First things first, what is asset allocation? Asset allocation is a term used to describe a certain type of investment strategy and it focuses on putting different buckets of money into different assets to balance risk and return. An example of an asset is a stock, a bond, gold, or even real estate. Each asset has a difference risk/return profile. Some are riskier than others. According to Modern Portfolio Theory, the riskier an investment, the higher the projected return. Conversely, the less risky the investment, the lower the projected return. Most investment advisers and financial advisers coach their clients to spread their money among a variety of assets.
David Swensen, a highly regarded investment guru and manager for the Yale Endowment advises investors to invest 20% of their investable monies into real estate in his book "Pioneering Portfolio Management" (note: this is outside the value of your primary home).
|Asset Class||Policy Target|
|Foreign Developed Equity||15%|
|Emerging Market Equity||5%|
|U.S. Treasury Bonds||15%|
|U.S. Treasury Inflation-Protected Securities||15%|
Within real estate, you can allocate investable assets across different geographies, different property types (such as apartment buildings, retail strip malls, office buildings, warehouses and even industrial facilities) and also by investment type.

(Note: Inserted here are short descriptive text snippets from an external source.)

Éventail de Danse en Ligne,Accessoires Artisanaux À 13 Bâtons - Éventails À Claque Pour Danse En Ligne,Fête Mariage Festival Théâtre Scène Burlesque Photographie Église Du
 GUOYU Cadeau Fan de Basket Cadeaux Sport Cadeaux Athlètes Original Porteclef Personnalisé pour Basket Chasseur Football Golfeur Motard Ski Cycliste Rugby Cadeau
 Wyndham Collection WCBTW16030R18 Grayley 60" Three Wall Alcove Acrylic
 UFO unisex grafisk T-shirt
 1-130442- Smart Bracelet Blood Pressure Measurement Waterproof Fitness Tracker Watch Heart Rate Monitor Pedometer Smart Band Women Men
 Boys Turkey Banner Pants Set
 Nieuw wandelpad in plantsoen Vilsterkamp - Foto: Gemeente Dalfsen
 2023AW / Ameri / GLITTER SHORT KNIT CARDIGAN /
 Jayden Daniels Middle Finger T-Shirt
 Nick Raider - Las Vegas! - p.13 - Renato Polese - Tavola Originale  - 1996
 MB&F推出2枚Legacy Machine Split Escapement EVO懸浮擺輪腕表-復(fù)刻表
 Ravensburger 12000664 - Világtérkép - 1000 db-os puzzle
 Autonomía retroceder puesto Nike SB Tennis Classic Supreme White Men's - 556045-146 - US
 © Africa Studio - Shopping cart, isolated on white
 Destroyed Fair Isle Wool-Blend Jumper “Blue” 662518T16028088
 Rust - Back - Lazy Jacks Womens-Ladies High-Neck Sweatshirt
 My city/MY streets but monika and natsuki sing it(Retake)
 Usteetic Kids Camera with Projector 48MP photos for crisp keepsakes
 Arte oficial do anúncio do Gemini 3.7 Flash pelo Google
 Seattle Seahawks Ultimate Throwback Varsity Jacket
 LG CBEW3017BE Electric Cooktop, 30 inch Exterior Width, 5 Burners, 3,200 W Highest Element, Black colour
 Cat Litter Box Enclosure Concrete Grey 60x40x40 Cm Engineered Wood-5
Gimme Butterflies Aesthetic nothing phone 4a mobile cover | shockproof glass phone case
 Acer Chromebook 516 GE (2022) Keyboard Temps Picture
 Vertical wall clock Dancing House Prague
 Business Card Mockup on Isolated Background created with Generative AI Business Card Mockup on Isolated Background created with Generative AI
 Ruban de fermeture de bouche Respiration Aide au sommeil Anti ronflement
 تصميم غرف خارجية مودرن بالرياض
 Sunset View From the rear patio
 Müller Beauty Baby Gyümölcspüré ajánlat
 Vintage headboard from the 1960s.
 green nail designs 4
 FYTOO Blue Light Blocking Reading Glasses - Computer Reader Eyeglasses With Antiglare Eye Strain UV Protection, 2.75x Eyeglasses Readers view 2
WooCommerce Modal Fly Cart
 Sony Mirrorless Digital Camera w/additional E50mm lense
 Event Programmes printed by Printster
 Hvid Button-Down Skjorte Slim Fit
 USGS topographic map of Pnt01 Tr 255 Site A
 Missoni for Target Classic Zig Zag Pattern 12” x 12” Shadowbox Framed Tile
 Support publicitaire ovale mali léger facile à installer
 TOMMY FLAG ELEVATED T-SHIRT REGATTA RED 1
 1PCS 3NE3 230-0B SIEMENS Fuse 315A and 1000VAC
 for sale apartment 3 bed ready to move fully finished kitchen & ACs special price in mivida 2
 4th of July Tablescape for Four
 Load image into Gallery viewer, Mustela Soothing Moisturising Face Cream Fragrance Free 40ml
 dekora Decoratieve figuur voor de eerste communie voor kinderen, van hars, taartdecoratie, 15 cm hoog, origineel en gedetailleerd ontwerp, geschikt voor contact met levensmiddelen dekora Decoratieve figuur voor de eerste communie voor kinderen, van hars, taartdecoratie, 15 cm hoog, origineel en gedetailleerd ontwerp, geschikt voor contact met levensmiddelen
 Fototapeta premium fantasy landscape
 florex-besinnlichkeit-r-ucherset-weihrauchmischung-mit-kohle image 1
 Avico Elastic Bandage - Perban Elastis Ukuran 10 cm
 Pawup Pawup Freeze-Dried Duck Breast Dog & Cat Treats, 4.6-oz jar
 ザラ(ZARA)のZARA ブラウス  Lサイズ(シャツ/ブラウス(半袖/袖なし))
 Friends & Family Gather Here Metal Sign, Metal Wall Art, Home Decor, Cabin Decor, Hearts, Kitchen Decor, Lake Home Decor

The two investment types are debt and equity. You can think of debt like acting as the bank. Banks lend money on real estate, whether it is to a home buyer or an investor who is purchasing a building to generate income from rents. In an equity investment, you own a slice of the property and share in the benefits of that ownership including upside from an eventual sale.
By investing in different regions and across real estate types, investors can avoid huge losses in the event of a boom or bust. It's all about diversification!